Friedrich Gottlieb Dietrich: Der Wintergärtner, oder Anweisung die beliebtesten Modeblumen und ökonomischen Gewächse, ohne Treibhäuser und Mistbeete, in Zimmern, Kellern und anderen Behältern zu überwintern, oder für den offenen Garten vorzubereiten.

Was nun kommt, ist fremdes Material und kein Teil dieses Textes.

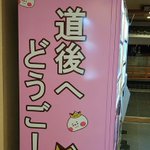子どもおさがり専門店 metome(みとうみ)店主のツイート画像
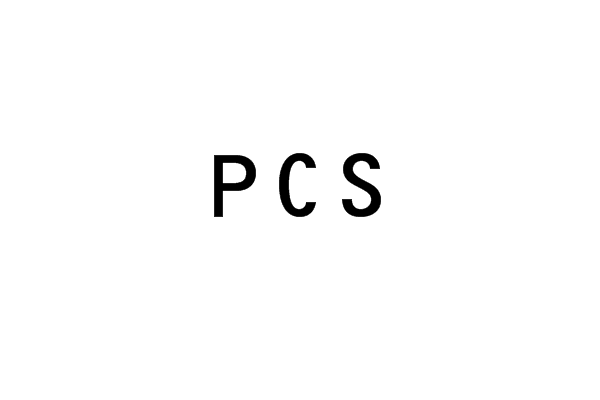 PCS(偏光转换系统) PCS(偏光转换系统)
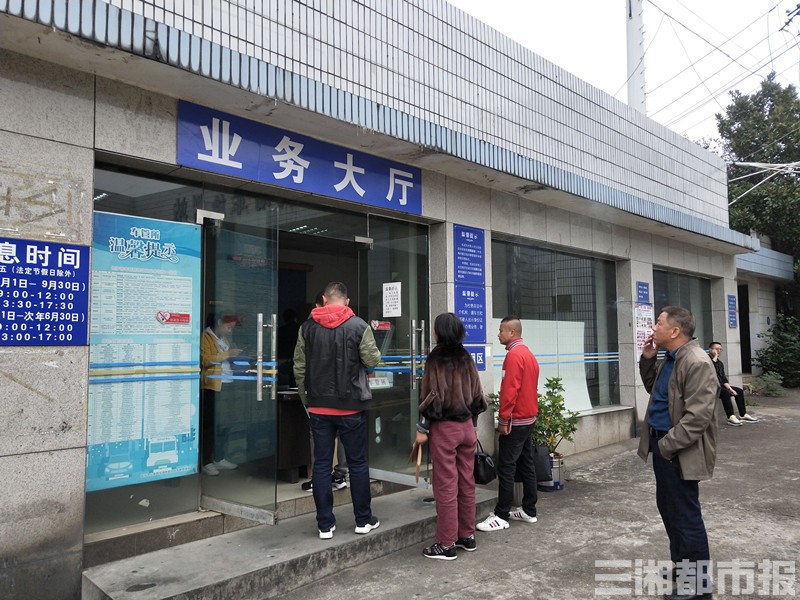 70岁以后驾照怎么年检,年检计算器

Verlag: Weimar, Gaedicke, 1802. Zweite, vermehrte und verbesserte Auflage. 208 Seiten, marmorierter Pappband der Zeit. 18 x 12 cm
Bedeutendes gartenbauliches Praxiswerk der frühen Klassik, verfasst von einem der renommiertesten Botaniker und Hofgärtner seiner Zeit. Das Werk richtet sich ausdrücklich an Gartenliebhaber ohne kostspielige Treibhäuser und vermittelt detaillierte, erfahrungsbasierte Anleitungen zur Überwinterung und Kultur von Zier-, Nutz- und Modepflanzen in Innenräumen, Kellern und einfachen Schutzräumen.
In systematischer Gliederung behandelt Dietrich sowohl ästhetische Zierpflanzen (u. a. Hyazinthen, Fuchsien, Geranien) als auch ökonomisch relevante Gewächse, ergänzt durch botanische Beschreibungen nach zeitgenössischer Taxonomie. Die Ausführungen verbinden praktische Gartenpraxis mit naturwissenschaftlichem Anspruch und spiegeln den Übergang von der traditionellen Gärtnerei zur wissenschaftlich fundierten Botanik um 1800 wider.